How does Justa Trama work?
The cotton - Cultivated in 9 municipalities with its headquarters in Tauá, in the state of Ceará. The families of farmers organized in ADEC, plant and collect ecological cotton by employing soil and water conservation techniques, thus developing the biodiversity without using toxic products.

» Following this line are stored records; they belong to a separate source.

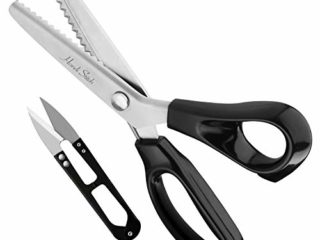 Handi Stitch Tijeras Dentadas con Cortahílos - 22,86 cm de Largo - Tijeras Tela Zigzag Mango Negro - Tijeras Manualidades Acero Inoxidable Afiladas para Costura, Sastre, Papel, Manualidades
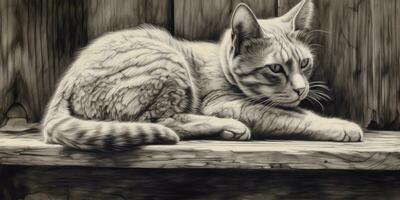 Industrial Farmhouse Style Cat Pencil Drawing Generative AI photo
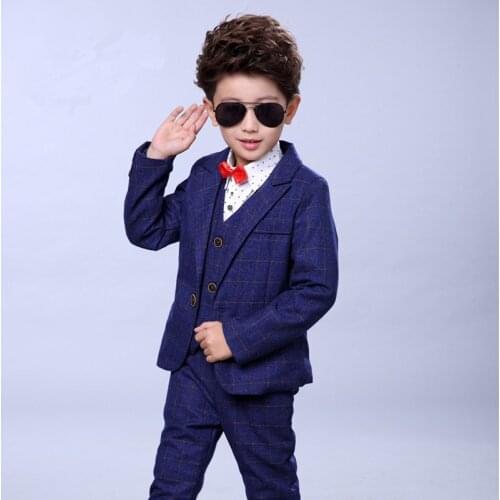 2019 New Jacket Vest Pants 3PCS Kids Wedding Suit Flower Boys Formal Tuxedos School Kids Birtdahy Piano Performance Clothing Set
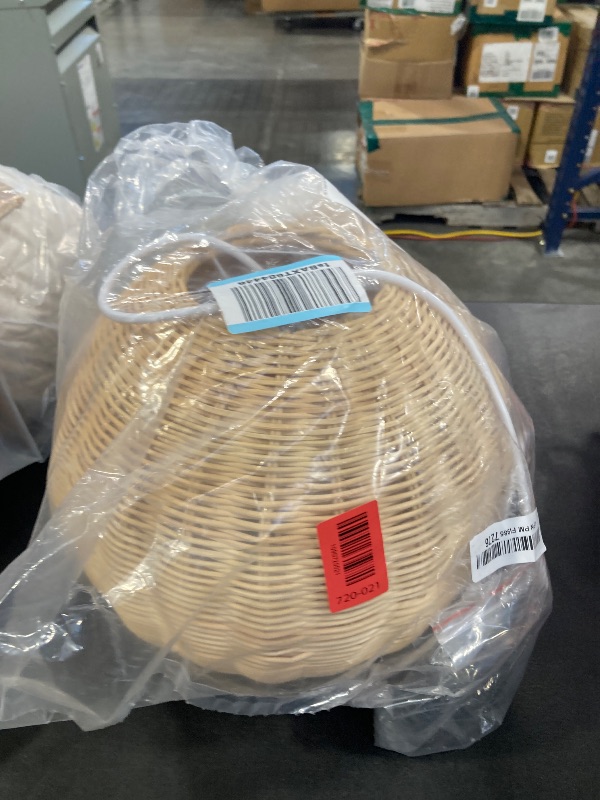 View 2 of HAIIQU Rattan Pendant Light - Globe Style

This plantation extends to the town of Moreira Sales in the state of Paraná.
The threads and the fabrics - in Pará de Minas, in the state of Minas Gerais, where Coopertextil co-operative manufactures the threads and the fabric of Justa Trama, in such a careful way so as to avoid contaminating the traditional cotton.
Clothing - This stage occurs in 3 states in Brazil: in Coopstilus in Saint André, São Paulo, which makes children’s clothing; in Itajaí, Santa Catarina, where Fio Nobre makes artisanal clothing and finally in Univens at Porto Alegre, Rio Grande do Sul, where the clothes are mass-produced.
The seeds - Men and women of co-operative Açaí in Porto Velho - Rondônia, collect the seeds found in the Amazonian region, and then transform them into buttons, collars and other accessories which accompany the clothes of Justa Trama.
There are in total more than 700 associates involved in agricultural activities, spinning, weaving, confecting and crafting in 6 States of the federation: Rio Grande do Sul, Santa Catarina, São Paulo, Minas Gerais, Rondônia and Ceará, thus dispersed in four different areas of Brazil.